A secretária de Prêmios e Apostas do Ministério da Fazenda, Daniele Correa Cardoso, destacou a relevância da parceria. “A parceria do Ipea, instituto referência em pesquisas econômicas aplicadas, será essencial para mensurar objetivos regulatórios ainda sem indicadores, consolidando o mercado regulado de apostas de quota fixa”.
Para a presidenta do Ipea, Luciana Mendes Santos Servo, a parceria fortalece a produção de conhecimento estratégico sobre o setor. “Este acordo amplia a capacidade do Estado de compreender, informado por evidências, os impactos das apostas de quota fixa, contribuindo para uma regulação mais qualificada, transparente e alinhada ao interesse público”, afirmou.
Estudo deve diminuir imagem negativa do setor
O resultado do estudo a ser gerado pelo acordo deverá diminuir a imagem de desconstrução da atividade que vem sendo feita de forma eleitoreira pelo presidente Lula na tentativa de reeleição, escolhendo temas polêmicos para se aproximar dos evangélicos e conservadores contrários ao setor.
Ele vem acusando as bets de serem responsáveis pelo endividamento e inadimplência da população, como se o setor de apostas esportivas e jogos online fosse a grande culpada pela fragilidade econômica de parcela da população, sem se dar conta de que grande parte do endividamento acontece, por exemplo, pelos extorsivos juros de mais de 430% no rotativo do cartão de crédito.

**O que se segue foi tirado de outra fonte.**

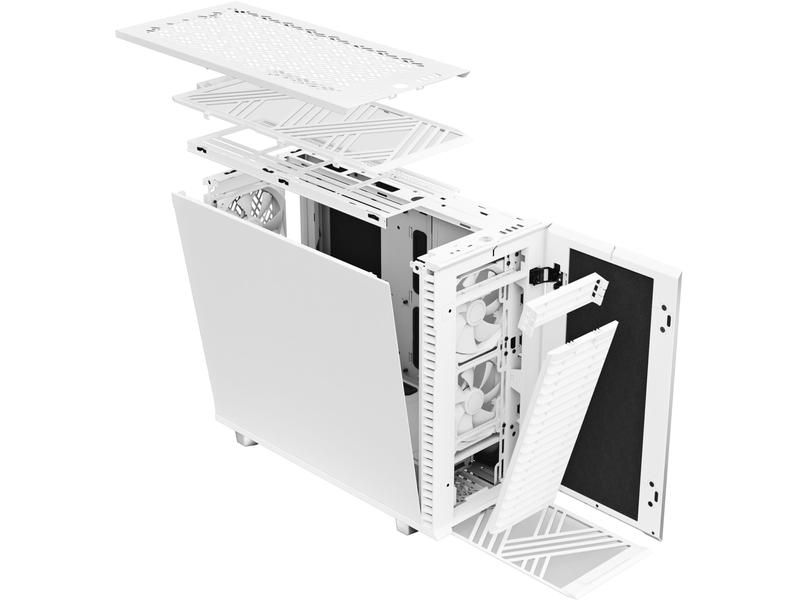 Fractal Design PC-Gehäuse Define 7 Weiss, Unterstützte Mainboards: E-ATX, ATX, Mini-ITX, Micro-ATX, Gehäuse Bauart: Mid-Tower, Detailfarbe: Weiss, Anzahl Lüfterplätze: 9, Sichtfenster: Nein, Netzteil vorinstalliert: Nein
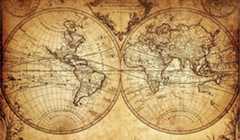 A vintage map of the world. 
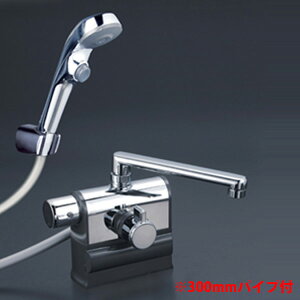 【KF3008LR3S2】 浴室水栓 KVK デッキ形サーモスタット式 左ハンドル仕様 300mmパイプ付 メッキワンストップシャワーヘッド付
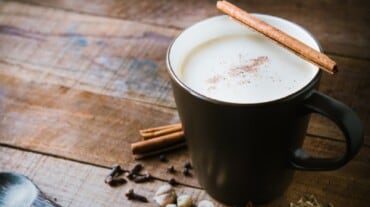 A glass of nutmeg milk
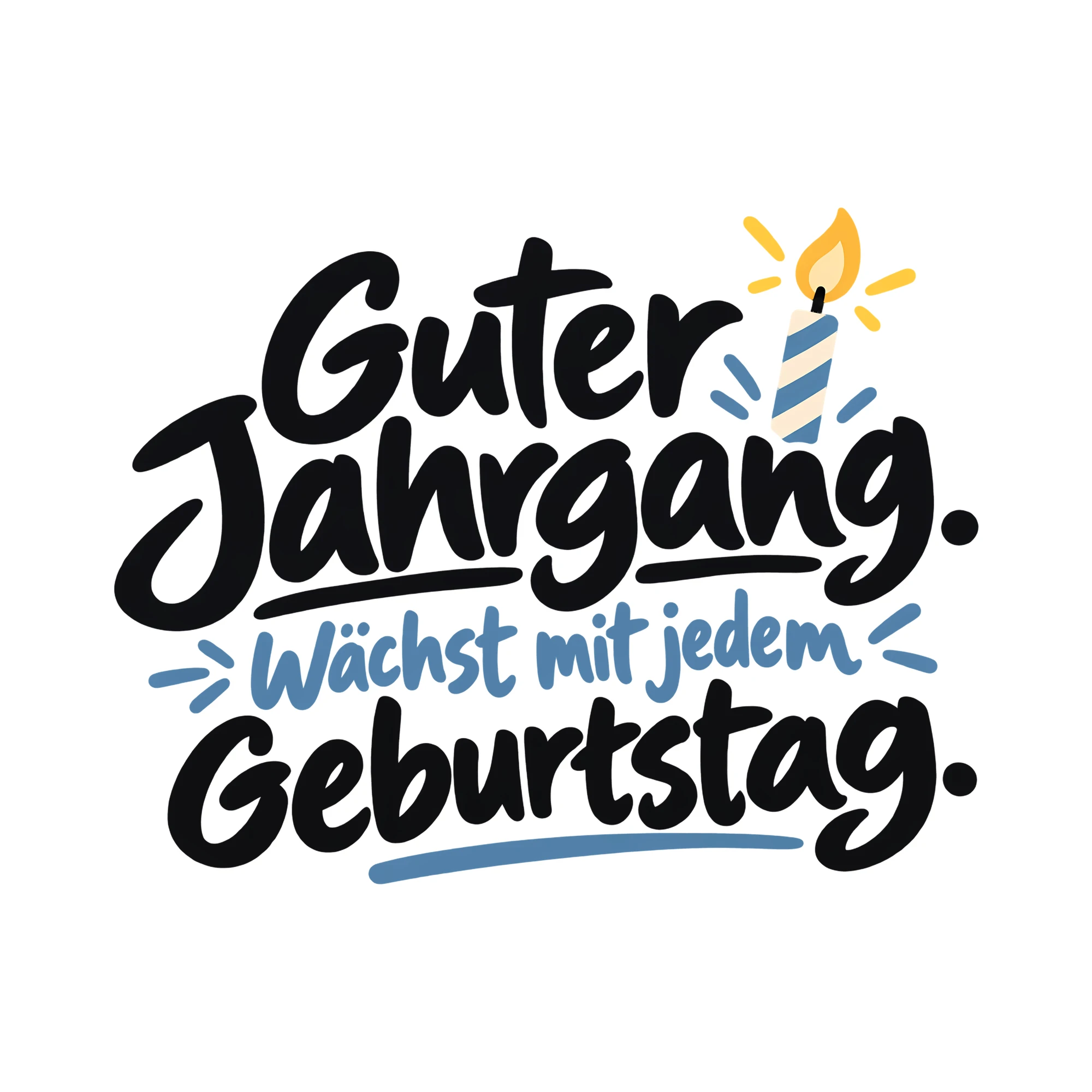 Bügelbild Guter Jahrgang. Wächst mit jedem Geburtstag. als Grafik auf weißem Hintergrund (BB012538)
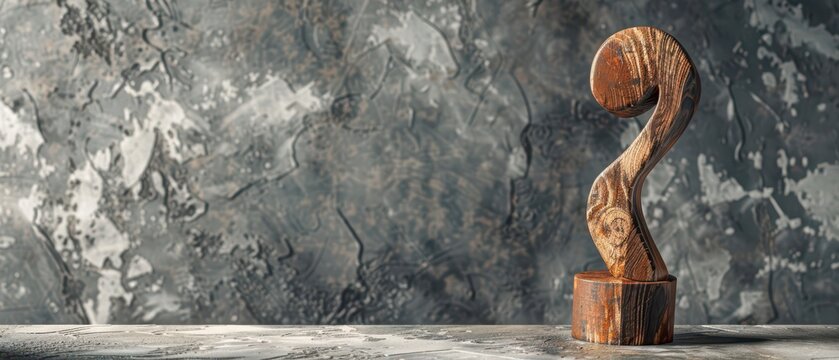 Wooden Sculpture on Grey Concrete Surface - Powered by Adobe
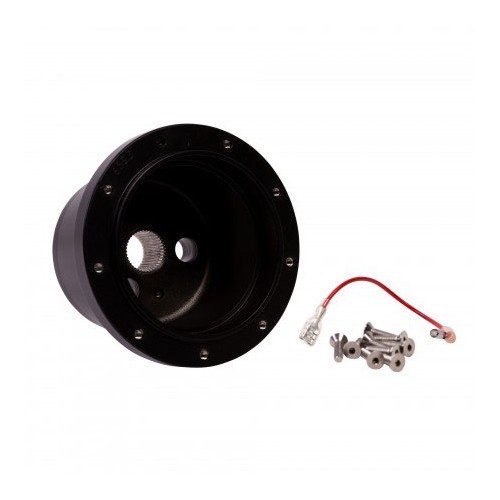  Black aluminium hub for SSP steering wheel, 9 screws Beetle 60 ->74 - VB00354 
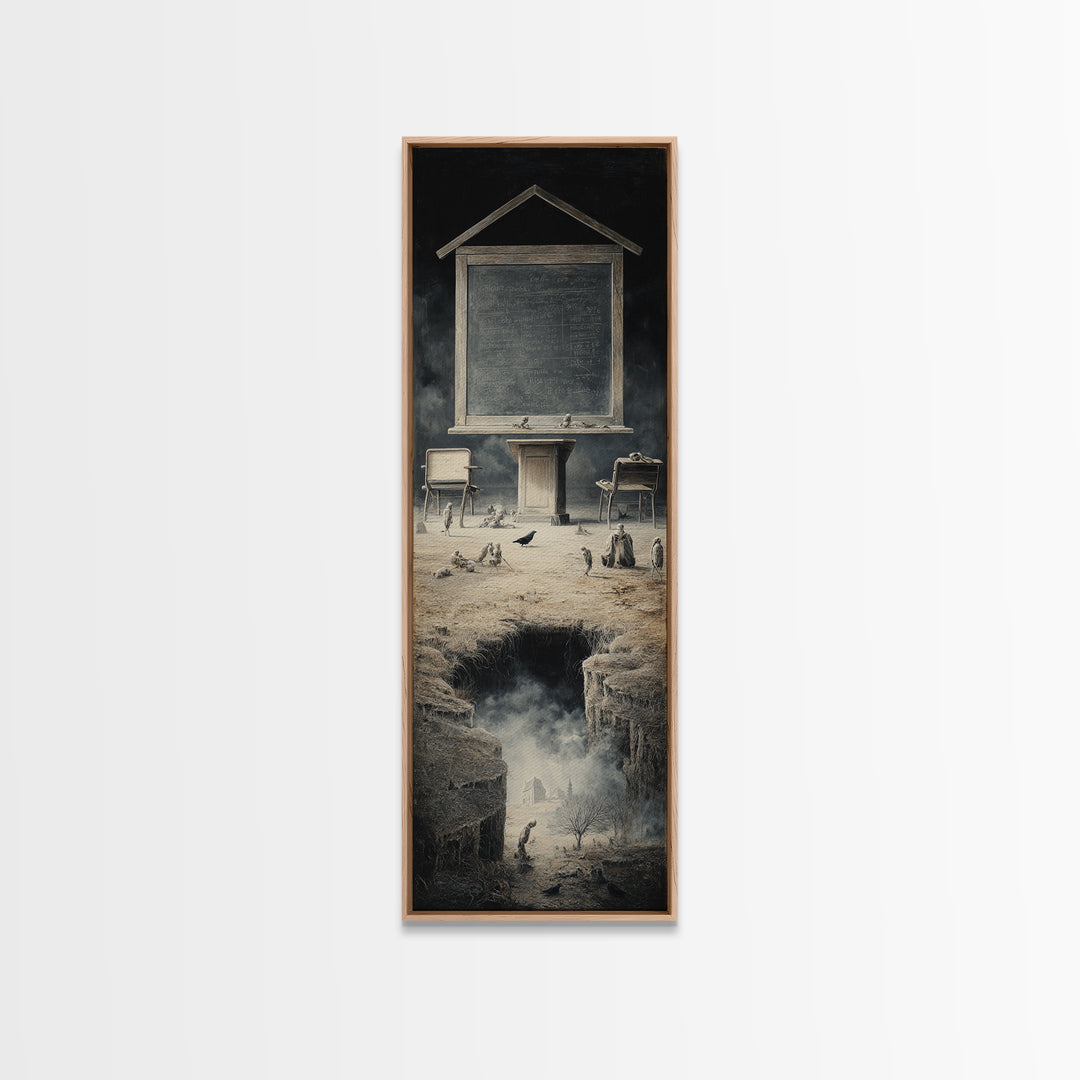 The Silent Schoolhouse, Surreal Apocalyptic Art, Tall Narrow Wall Art, Dark Fantasy Wall Art, Canvas Print, Halloween Wall Art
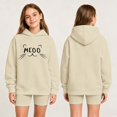 thumbnail image 2 of LRen Hoodies for Girls Cute Graphic Print Oversized Long Sleeve Hooded Sweatshirt Youth Preppy Trendy Pullover Pocketless Kids Fall Winter Clothes 2-14 Years, 2 of 6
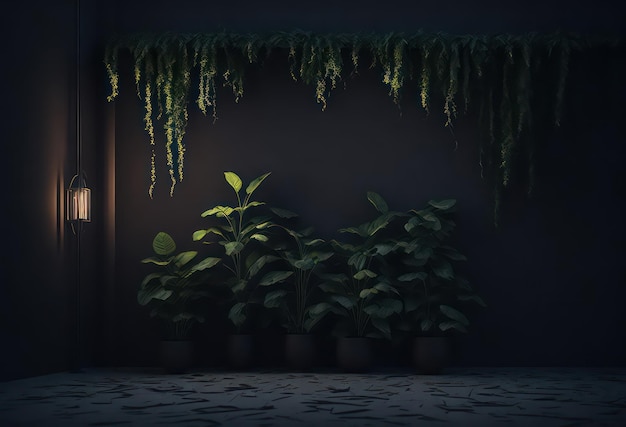 Une pièce sombre avec des plantes et un fond sombre.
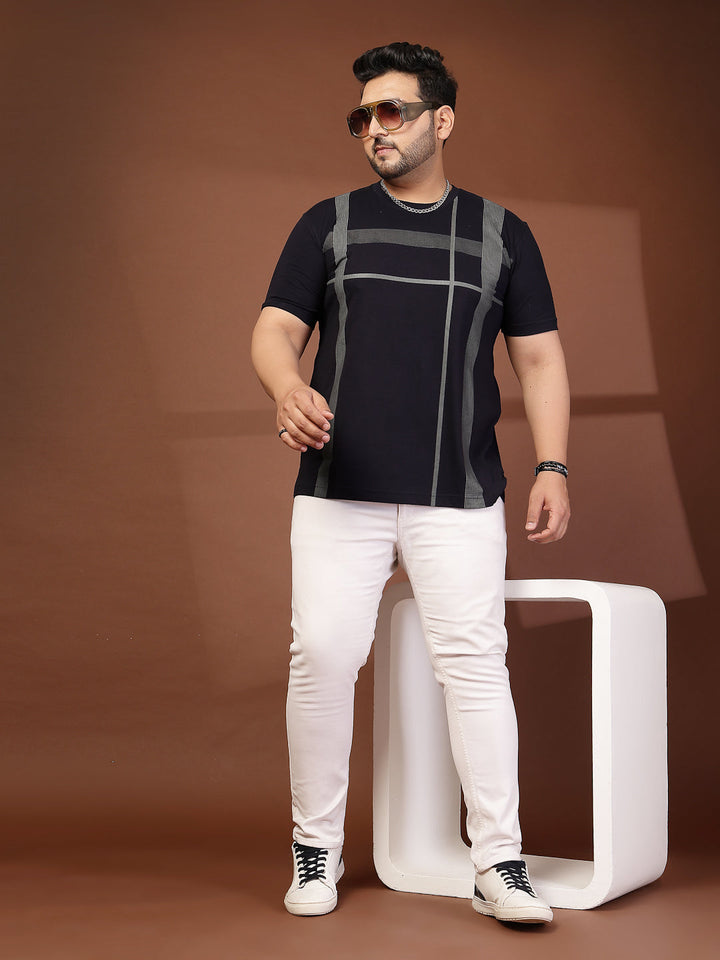Plus Size Men Printed Regular Fit Cotton T-shirt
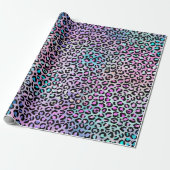 Regenbogen-Irideszenz-Gradient und Leopardenflecke Geschenkpapier (Ungerollt)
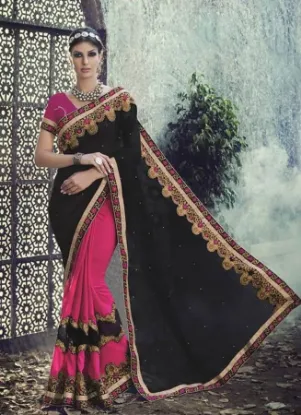 Picture of handmade indian craft saree pure silk printed fabric sa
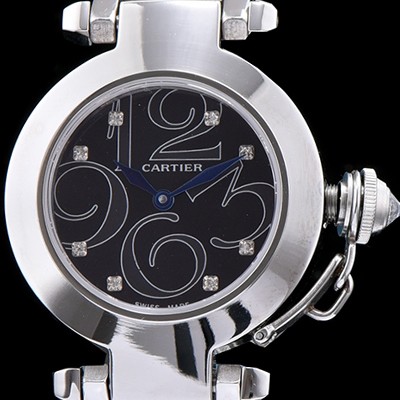 레플리카 [까르띠에] 남성용 파샤 블랙다이얼 스위스 쿼츠 무브먼트 CAR0504  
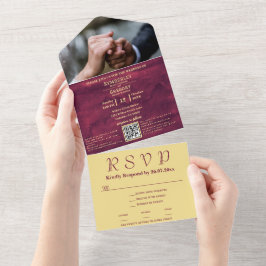 Chic Elegant Dark Burgundy - RSVP de Ênfase Dourad
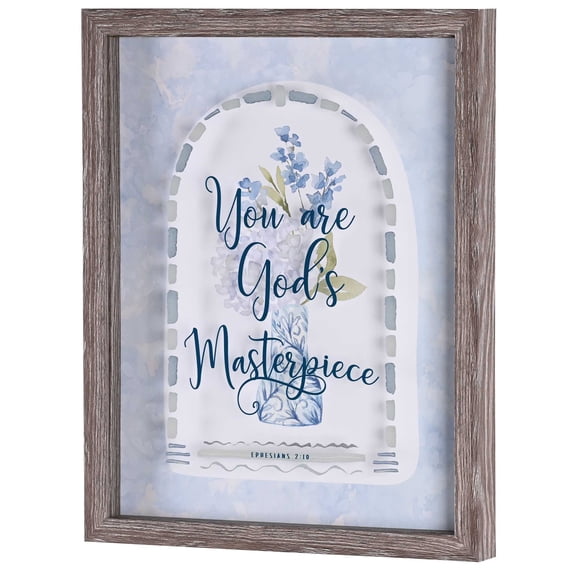 Dicksons Scripture Wall Art With Rustic Wood Frame, Inspirational Christian Home Dcor 17 x 13 Inch Floral You Are God's Masterpiece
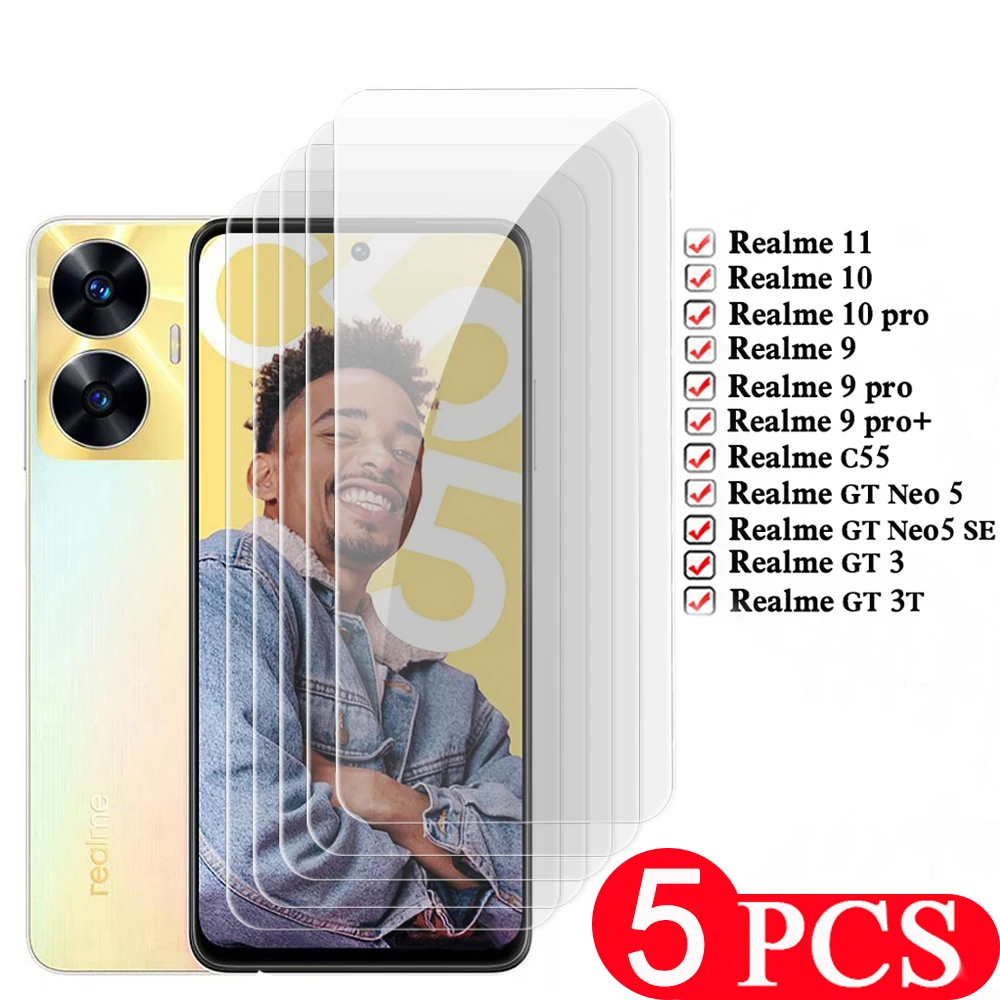 

5 шт. Защитная пленка для телефона Realme 11 10 9 pro plus GT Neo 5 SE 3 3T C55 закаленное стекло GT2 pro на стекло Защита для экрана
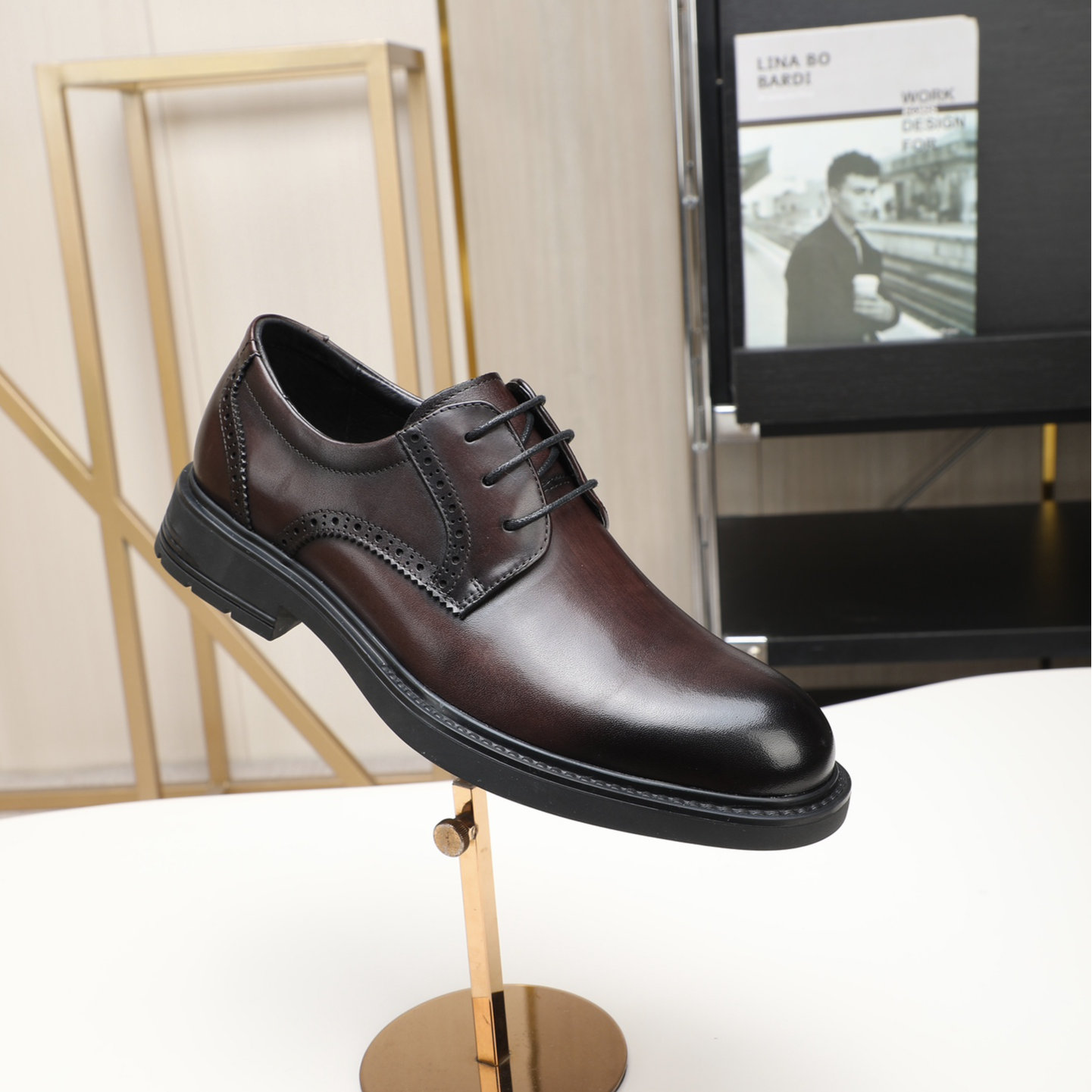 2025新款男士真皮商务正装皮鞋英伦风系带休闲德比鞋男鞋婚礼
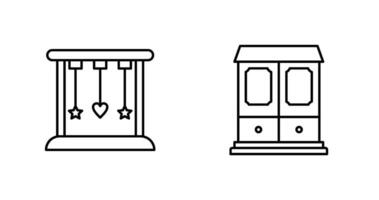 berceau et garde-robe icônev vecteur
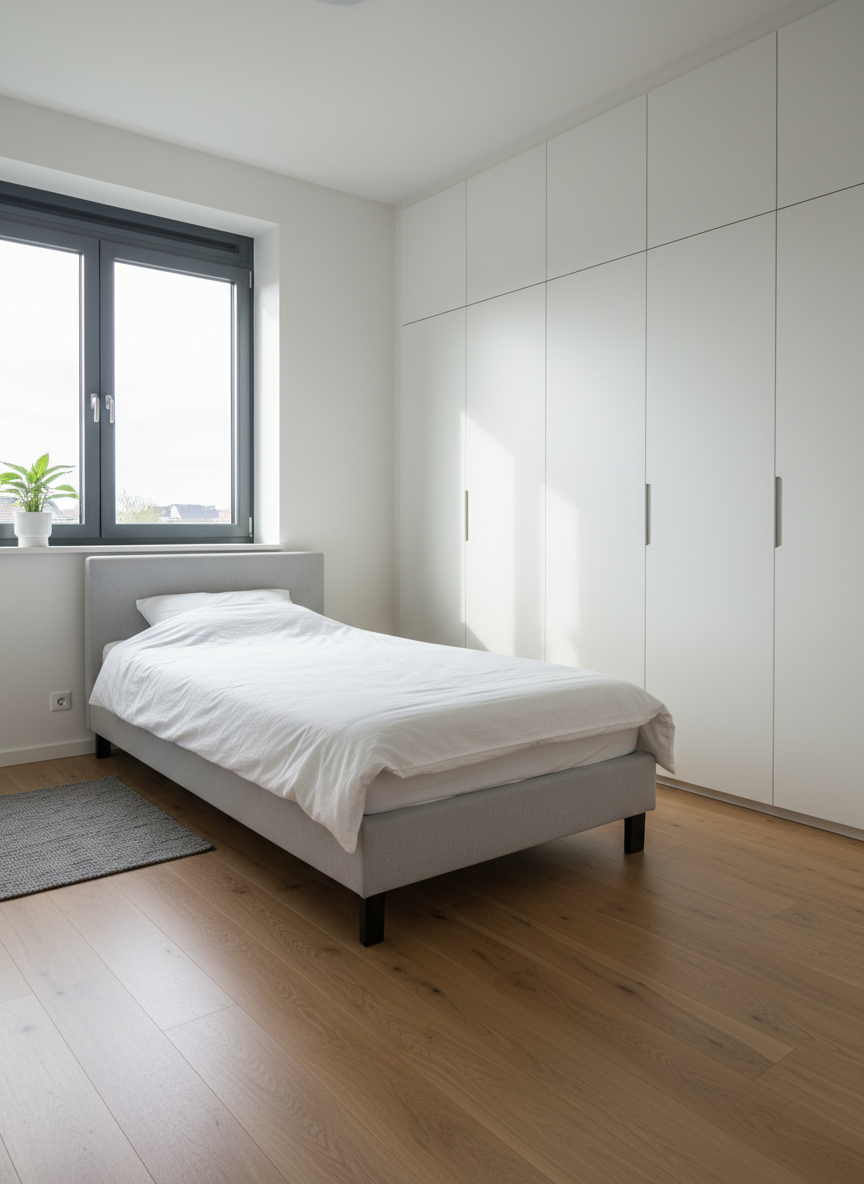 A bright children’s or guest bedroom in a Hasselt gezinswoning, designed in a neutral, move-in ready style with smooth white walls, light oak laminate flooring, and a simple single bed with a pale grey upholstered frame and crisp white linens. A built-in wardrobe with matte white doors lines one wall, providing ample storage while maintaining a clean look. A large tilt-and-turn window with an anthracite frame admits soft daytime light, casting gentle shadows across the floor and creating a sense of spaciousness. Photographic realism, shot from a corner at eye level, captures the full breadth of the room with sharp focus and an uncluttered composition. The mood is calm, flexible, and clearly prepared for immediate occupation, ideal for professional real estate presentation of a four-bedroom family home.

A LCA Consultoria acaba de divulgar novo estudo sobre o endividamento das famílias no Brasil e aponta que atualmente os brasileiros comprometem quase 10% da renda com o pagamento de juros, com o cartão de crédito liderando as razões para as dificuldades financeiras da população, com inadimplência superior a 64%.
O estudo analisou inúmeras categorias de consumo para apontar as principais causas da inadimplência. Os gastos com apostas esportivas e jogos online respondem por 0,46% do consumo familiar, muito abaixo com os gastos com juros de dívidas e de cartões de crédito.
A LCA Consultoria realizou o estudo por encomenda do Instituto Brasileiro de Jogo Responsável (IBJR), que reúne os principais operadores do setor.